Después de las dictaduras de Seguridad Nacional, en América Latina, la izquierda, durante un largo período, se mantuvo alejada del poder político y predominaron gobiernos tanto de derecha como antisistémicos, de carácter neoliberal, por ejemplo, el gobierno de Alberto Fujimori (1990-2000), en Perú, que se caracterizó, especialmente, por la corrupción, abuso de poder y atropello marcado a los derechos humanos; en Brasil, el Presidente Fernando Collor de Melo (1990-1992), que fue derrocado por corrupción, luego de las protestas populares. Por otra parte, gobiernos derechistas y corruptos, como el de Carlos Andrés Pérez, en Venezuela (1988-1993) –su segundo período–; Carlos Salinas de Gortari, Presidente de México (1988-1994); Abdalá Bucaram (1996-1997), en Ecuador –declarado con incapacidad mental para gobernar– y Jamil Mahuad (1998-2000), también derrocado; Carlos Menem, en Argentina (1989-1999) –dos períodos consecutivos–, también acusado de malversación de fondos públicos.

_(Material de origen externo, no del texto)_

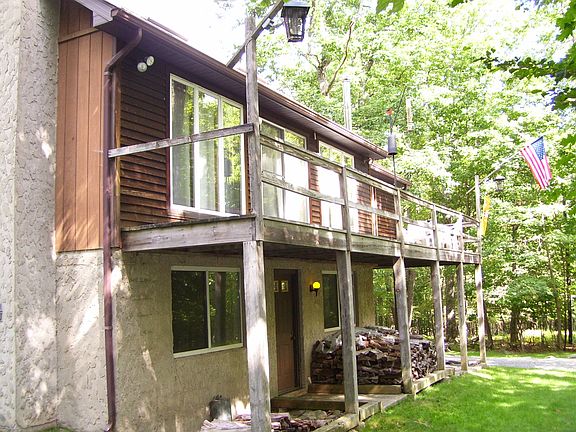 3rd image of 25 Arapaho Dr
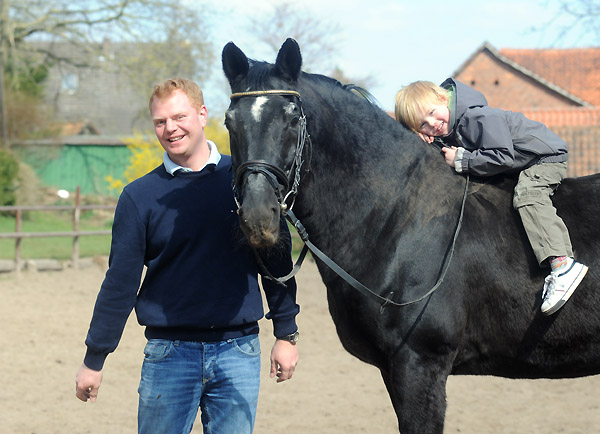 Unser Hauptbeschler Kostolany wird von dem 5jhrigen Trakehner Jungzchter Vincent Hage vorgestellt - Foto: Beate Langels - Trakehner Gestt Hmelschenburg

La mayoría de estos gobiernos formaron parte del Consenso de Washington, que comenzó a fracasar entre el año 1997 al 2002, provocando en todos estos países una seria crisis de representación política que se caracterizó, sobre todo, por la pérdida de credibilidad y confianza en las instituciones y, en especial, de los sistemas políticos. Uno de los países latinoamericanos que tenía un sistema de partidos políticos más desarrollados era Venezuela, después de la caída del dictador Marcos Pérez Jiménez, con una socialdemocracia representada por Acción Democrática y la Democracia Cristiana, representada por el COPEI (Comité de Organización Política Electoral Independiente), ambos partidos adheridos a las dos más grandes Internacionales mundiales. Estos dos partidos políticos se mantuvieron unidos gracias al pacto de “Punto Fijo” que les permitía mantenerse en el poder, hecho que ocurrió durante el largo período que va desde el 31 de octubre de 1958 hasta su derrumbe ocasionado por el triunfo de Hugo Chávez, en 1999.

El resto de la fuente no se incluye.